[OMPI devel] mpirun hang (regression in bffb2b7a4bb49c9188d942201b8a8f04872ff63c)

2014-12-24 Thread Gilles Gouaillardet
Ralph,

i tried to debug the issue reported by Siegmar at
http://www.open-mpi.org/community/lists/users/2014/12/26052.php

i have not been able to try this on an heterogeneous cluster yet, but i
could
reproduce a hang with 2 nodes and 3 tasks :

mpirun -host node0,node1 -np 3 --mca btl tcp,self --mca coll ^ml
./helloworld

git bisect pointed to commit
https://github.com/hppritcha/ompi/commit/bffb2b7a4bb49c9188d942201b8a8f04872ff63c,
and reverting a subpart of this commit "fixes" the hang
(see attached patch)

your change correctly prevents the use of uninitialized data (worst case
scenario is a crash),
but has some undesired side effects that eventually causes a hang.

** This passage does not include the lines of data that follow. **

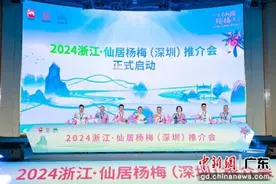 浙江仙居赴大湾区推介杨梅 拓宽市场渠道图片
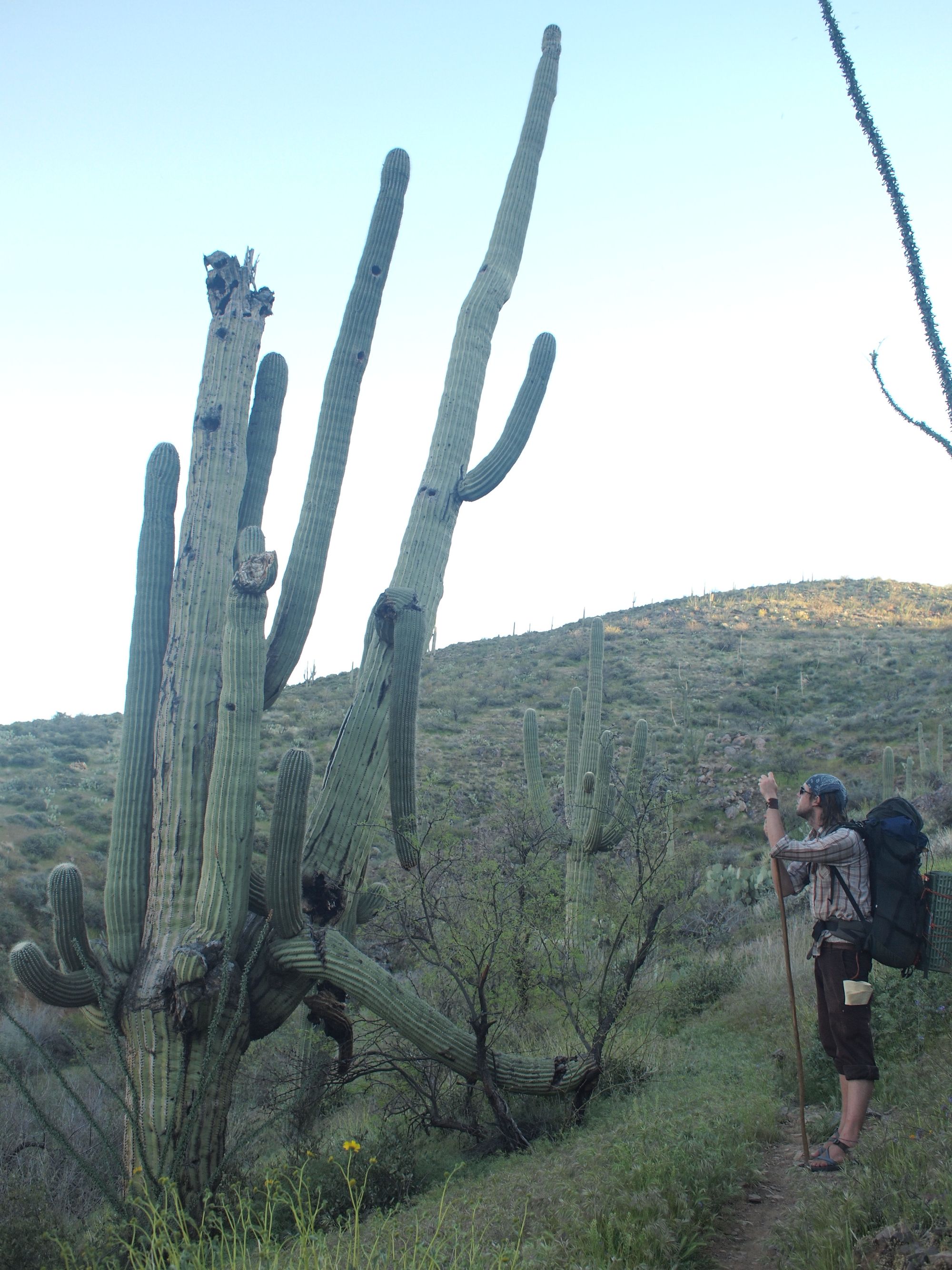 Man wearing a large backpack standing on a trail, looking at an enormous saguaro cactus. 
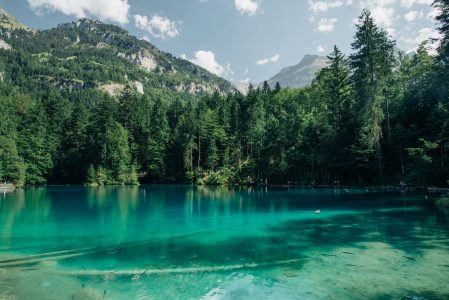 Transparent Mountain Lake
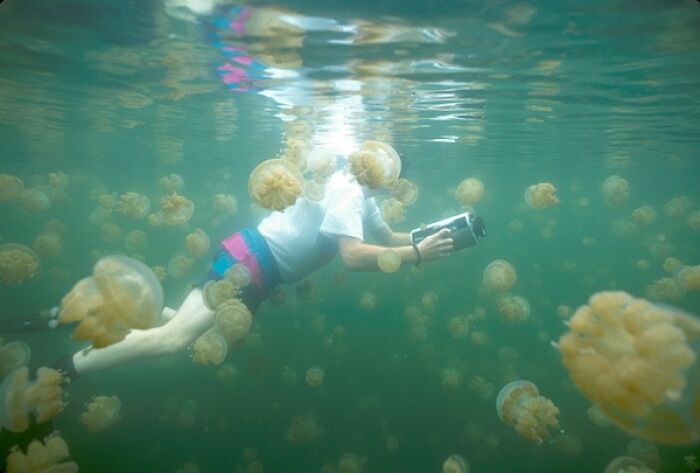 Person snorkeling amidst jellyfish, capturing one of nature's strange phenomena underwater.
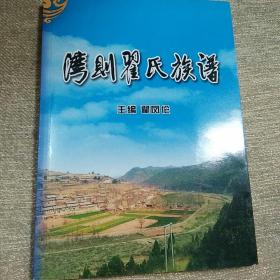 翟氏族谱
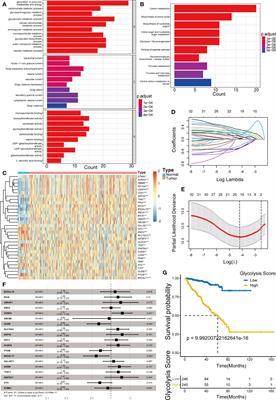 A combined signature of glycolysis and immune landscape predicts prognosis and therapeutic response in prostate cancer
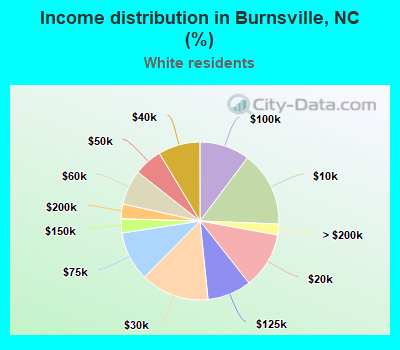 Income distribution in Burnsville, NC (%)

could you please have a look at it ?

Cheers,

Gilles
diff --git a/orte/orted/pmix/pmix_server.c b/orte/orted/pmix/pmix_server.c
index 4f0493c..0f4c816 100644
--- a/orte/orted/pmix/pmix_server.c
+++ b/orte/orted/pmix/pmix_server.c
@@ -1241,9 +1241,9 @@ static void pmix_server_dmdx_resp(int status, orte_process_name_t* sender,
 /* pass across any returned blobs */
 opal_dss.copy_payload(reply, buffer);
 stored = true;
-OBJ_RETAIN(reply);
-PMIX_SERVER_QUEUE_SEND(req->peer, req->tag, reply);
 }
+OBJ_RETAIN(reply);
+PMIX_SERVER_QUEUE_SEND(req->peer, req->tag, reply);
 } else {
 /* If peer has an access to shared memory dstore, check
  * if we already stored data for the target process.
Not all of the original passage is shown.